The rapid spread of the coronavirus disease 2019 (COVID-19) caused 235 million infected cases and 4.8 million lives claimed globally (1). Many countries decided to use COVID-19 vaccines under Emergency Use Authorization (EUA) to prevent further fatality and disruption caused by the pandemic (2, 3). COVID-19 vaccines dramatically reduced the disease’s mortality; some concerns were raised regarding their safety and effectiveness (4). The studies conducted in Iran on the efficacy and side effects of vaccines have mostly been on BIBP-CorV (Sinopharm), ChAdOx1-S (Oxford–AstraZeneca), Gam-COVID-Vac (Sputnik V), and BBV152 (Covaxin) vaccines, which is due to the availability of these vaccines in our country (5–8).
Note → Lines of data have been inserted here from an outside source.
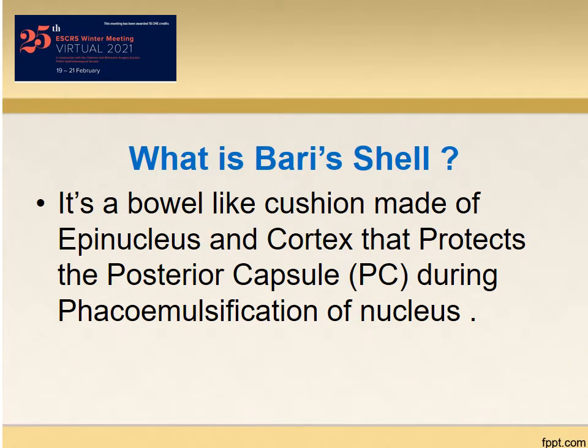What is body shell? It's a bowl-like cushion made of epinucleus and cortex of the cataract that protects the posterior capsule during FACO emulsification of the core nucleus.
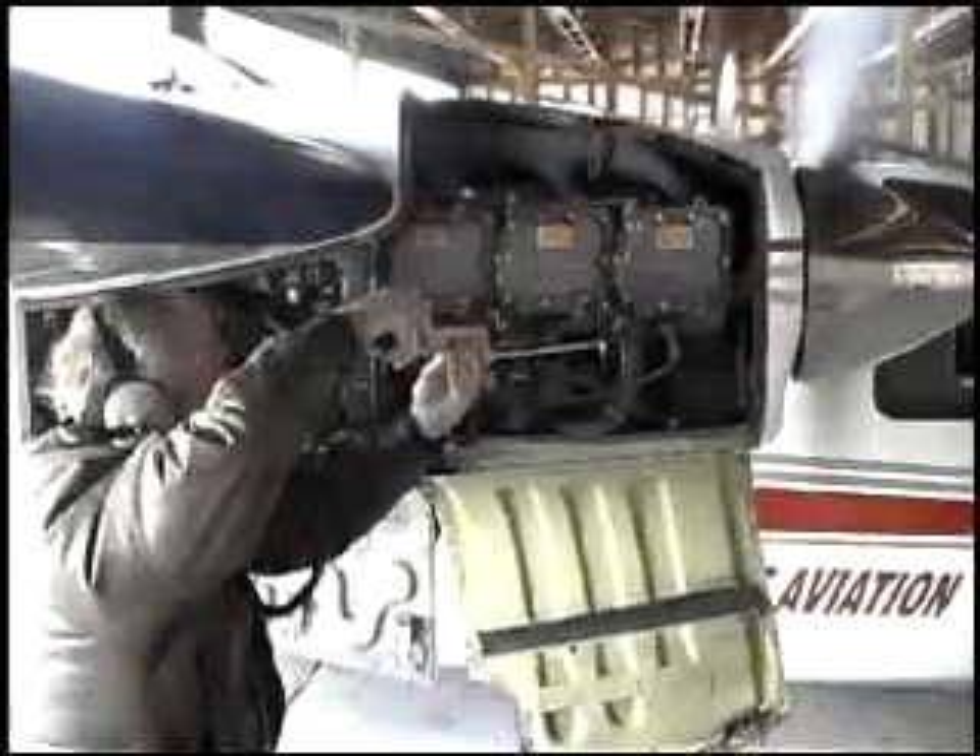The aircraft mechanic will test the spark plugs on an airplane and quickly find the faulty one. The mechanic turns on the engine to idle.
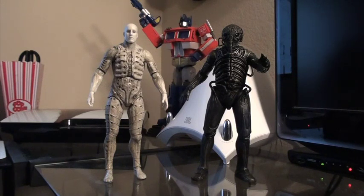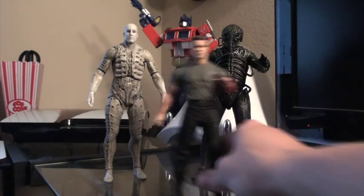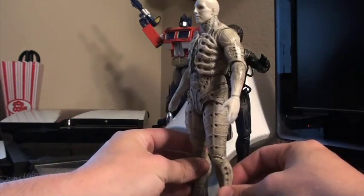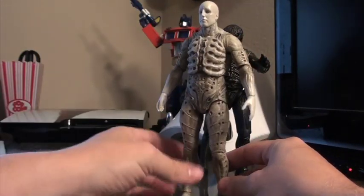Both of these figures are eight and a half inches tall, and just to give you a comparison as to how huge they are, here is a standard seven inch figure from NECA — so yeah, these guys are immense. Really well detailed, and NECA certainly didn't skimp out on the articulation either. We'll start off with the engineer in his pressure suit, which has kind of the same articulation as the Rocky figures.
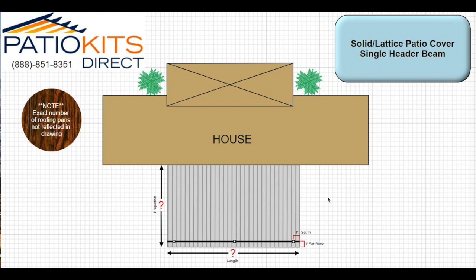Most homes are around eight to nine feet as an attachment point. All solid patio covers project outward. The lattice cover rafters project outward, and the lattice tubes generally run from left to right unless you have a reverse lattice application. So let's go over the first number — the projection.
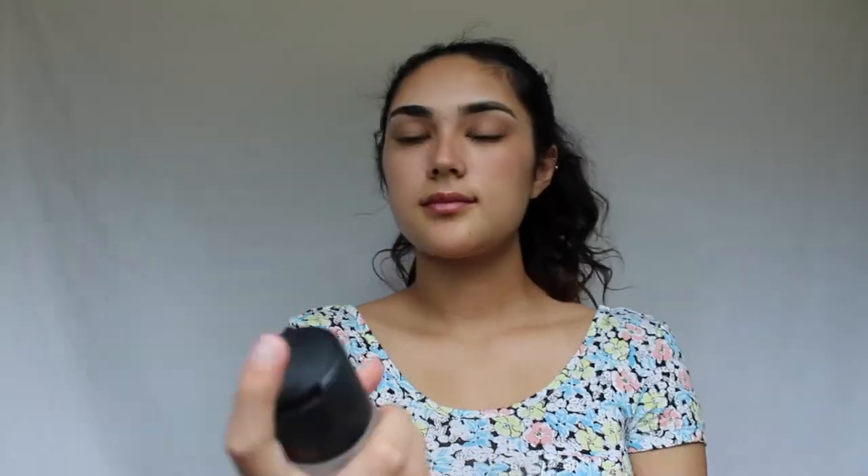To start off any look I like to moisturize my face first, just to prep it for everything that's going to be going on to it. I'm using the e.l.f. hydration moisturizer. After that I'm going in with the MAC Prep and Prime to really refresh the skin and moisturize it even more.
According to the World Health Organization (WHO), BIBP-CorV is a β-propiolactone-inactivated vaccine, which can be stored at 2–8°C and administered on a 0/21–28-day schedule, with 79.34% effectiveness. To increase immunogenicity, the vaccine contains aluminum hydroxide as an adjuvant (9, 10). As of December 31, 2020, it is approved by the National Medical Products Administration of China and about 45 countries/jurisdictions for adults 18 years and older (11). It was proven to be a safe vaccine and can be administered in special populations, like patients with multiple sclerosis (MS), based on prior inactivated vaccine safety in MS patients and Sinopharm’s lack of severe adverse effects in the primary trial phase (7). However, several adverse effects have been reported, including pain around the injection site, fatigue, fever, headaches, and lethargy (10).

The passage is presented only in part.